The term superfood gets thrown around a lot, and it’s easy to forget that it actually describes something pretty amazing: certain plants really do contain a concentrated amount of nutrients, and serve our human bodies very, very well. While many fruits and seeds have wafted in and out of our cultural awareness in this category (acaí, pomegranate, blueberries, cacao, chia seeds, etc.), the truth is there are probably hundreds of plants that could fit the superfood criteria that we just don’t know about here because no one’s trying to sell them to us (yet). Ojoche is one of those non-trendy superfoods that’s just wildly, wildly healthy. 

Many people have suggested Rebecca add the latest and greatest elixir to the ojoche blend (Mushrooms! Seaweed! Cacao! Broccoli!), but she doesn’t agree. For her, ojoche is perfect just as Mother Nature created it: delicious, whole, healthy, and unique. 

When she explains the product’s health benefits to people, Rebecca focuses on potassium, calcium, folate, and iron, plus the fact that it’s a complete protein, just because they’re so familiar. However, the G.R.A.S. study (“generally recognized as safe”) on ojoche found it also had tons of other nutrients. The research even tracked the height of kids who ate “ojoche snacks” (some kind of palatable treats with ojoche baked into them) and found that the ones who ate them actually grew more! So, it’s not only a fantastic beverage. As mentioned, it can also be added to other foods like brownies or breads, almost like a natural supplement. It’s a great way to get picky eaters the nutrition they need. 

Healing From Foods makes two types of ojoche now, the difference being in the roasting time, which affects the flavor.
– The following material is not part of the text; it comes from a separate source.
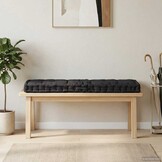 Palletvloerkussen 120x40x7 cm Katoen Zwart - 34% Korting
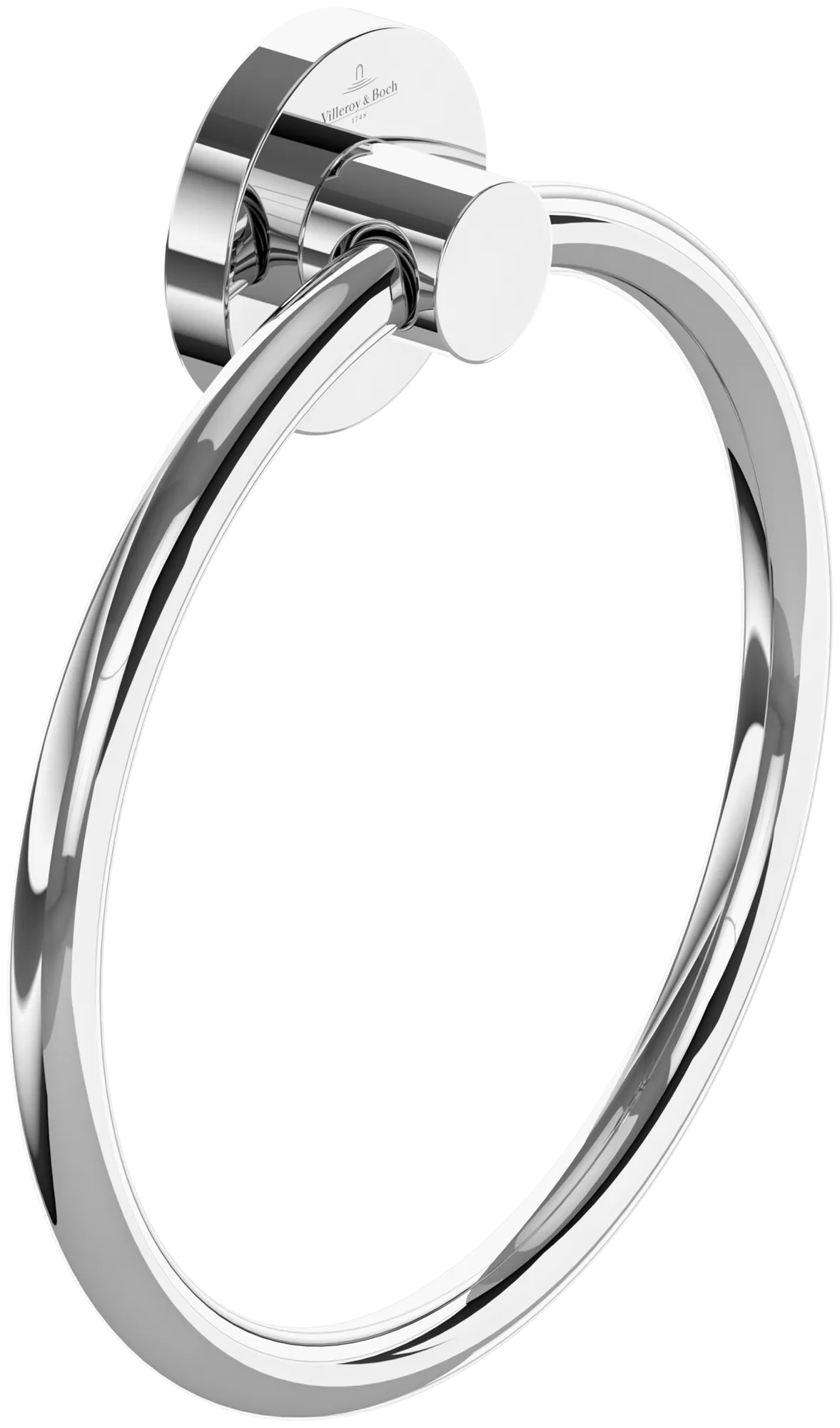 Villeroy & Boch Handtuchhalter „Elements-Tender“, Befestigung verdeckt, 1-armig ⌀ 15,2 × 5,4 cm in chrom Villeroy & Boch Handtuchhalter „Elements-Tender“, Befestigung verdeckt, 1-armig ⌀ 15,2 × 5,4 cm in chrom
The darker roast is just like a dark roast coffee, and Rebecca likes to brew it like that: strong, black, maybe with a touch of cream or sweetener. The other is a lighter roast, which has a more chocolatey quality. Rebecca’s favorite way to prepare it is an overnight steep in milk, which can be sweetened with a bit of maple and enjoyed over ice or heated up for a superfood mocha latte.


Rebecca took on the full responsibility of Healing From Foods in 2022. It’s not easy. Rebecca operates the business entirely on her own, from packing orders to making sales calls, in addition to being Vermont Shepherd’s business manager. The products are sold in about twenty markets, almost all in the Northeast but a couple in California, too. Unlike coffee, the logistical path from forest floor to grocery shelves has not yet been forged. The ins and outs of shipping pallets of ojoche from a tiny village in Nicaragua to Brattleboro have proven to be the most challenging aspect of running the business. Border customs agents don’t know what it is, and the infrastructure doesn’t really support what Healing From Foods is trying to do. It costs hundreds, if not thousands, of dollars to get it shipped here, and when it arrives, she never knows what she’s going to find. Usually, there’s some kind of damage to the product. Oftentimes, the wooden pallet it’s sitting on is cracked and destroyed from the weight, and once a customs agent even slashed one of the bags, rendering the product unusable. Recently, she doubled up on an order with someone else to save on shipping. But customs held it overnight to examine it, and they were charged a thousand-dollar “warehouse fee” as a result. 

But she’s learning. According to one of her mentors, there are two ways to get an education in business: either you pay for a degree or learn from experience and the sometimes expensive mistakes you make along the way. One gets the sense that Healing From Foods, with Rebecca as its hard-working captain, is just at the beginning of a great adventure that will go on for many years to come.